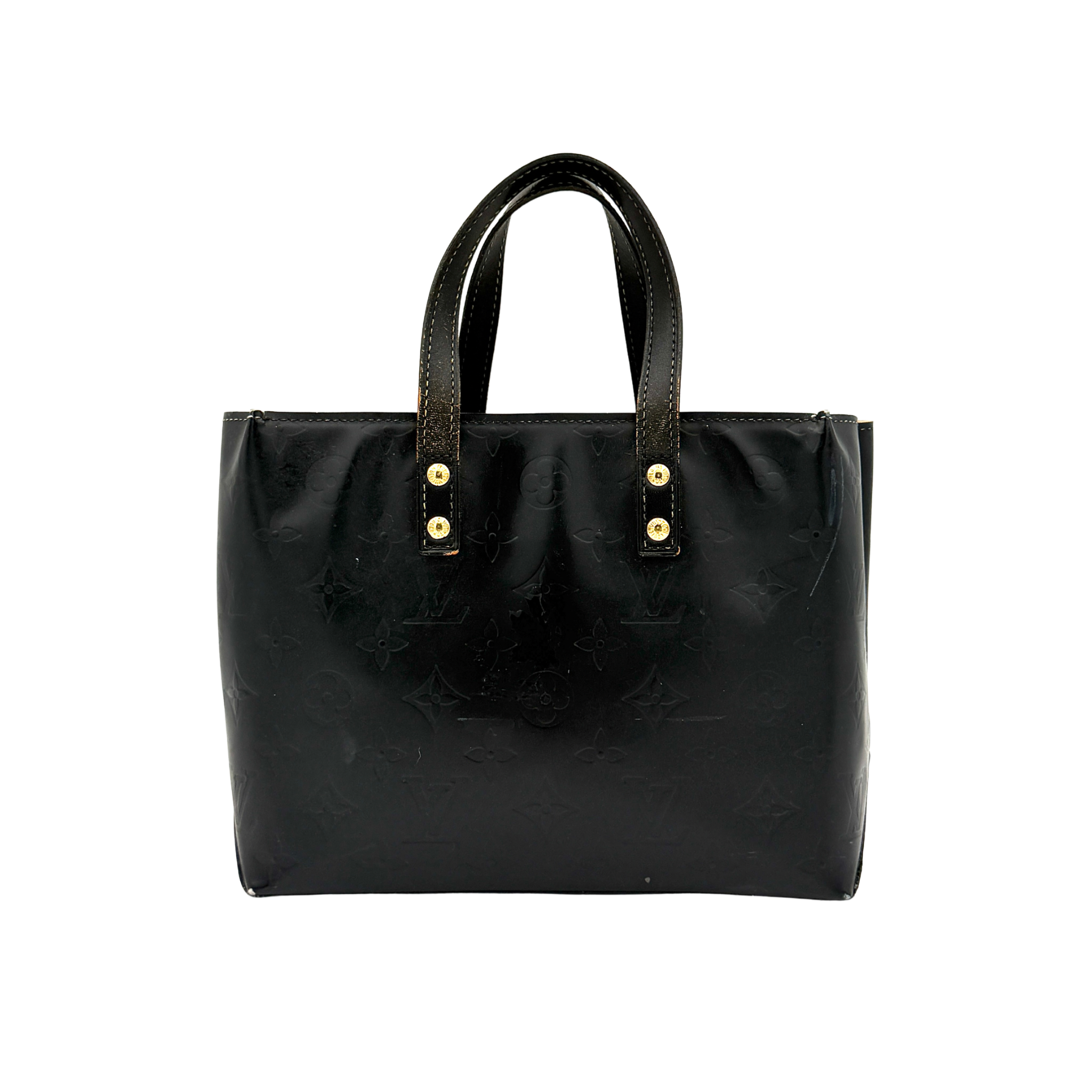 Louis Vuitton Monogram Vernis Reade PM shoulder bag in black patent leather featuring embossed monogram pattern, double top handles, and gold-tone hardware.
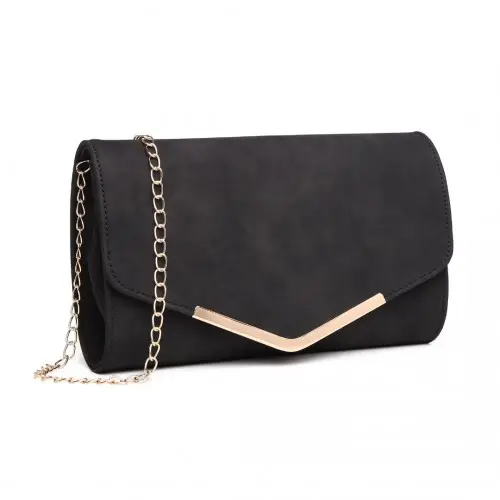 LH1756 - Miss Lulu Leather Look Envelope Clutch Bag - Black by All Mart Bristol Ltd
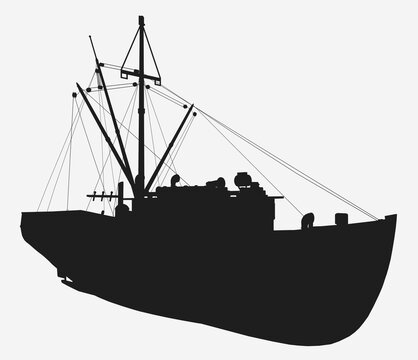 Silhouette mit einem Krabbenkutter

▶ **Task description**: Set down the data exactly as it appears, without any images.

▶ **Exercise result**:
 Louis Vuitton Monogram Vernis Reade PM shoulder bag in black patent leather featuring embossed monogram pattern, double top handles, and gold-tone hardware.
 LH1756 - Miss Lulu Leather Look Envelope Clutch Bag - Black by All Mart Bristol Ltd
 Silhouette mit einem Krabbenkutter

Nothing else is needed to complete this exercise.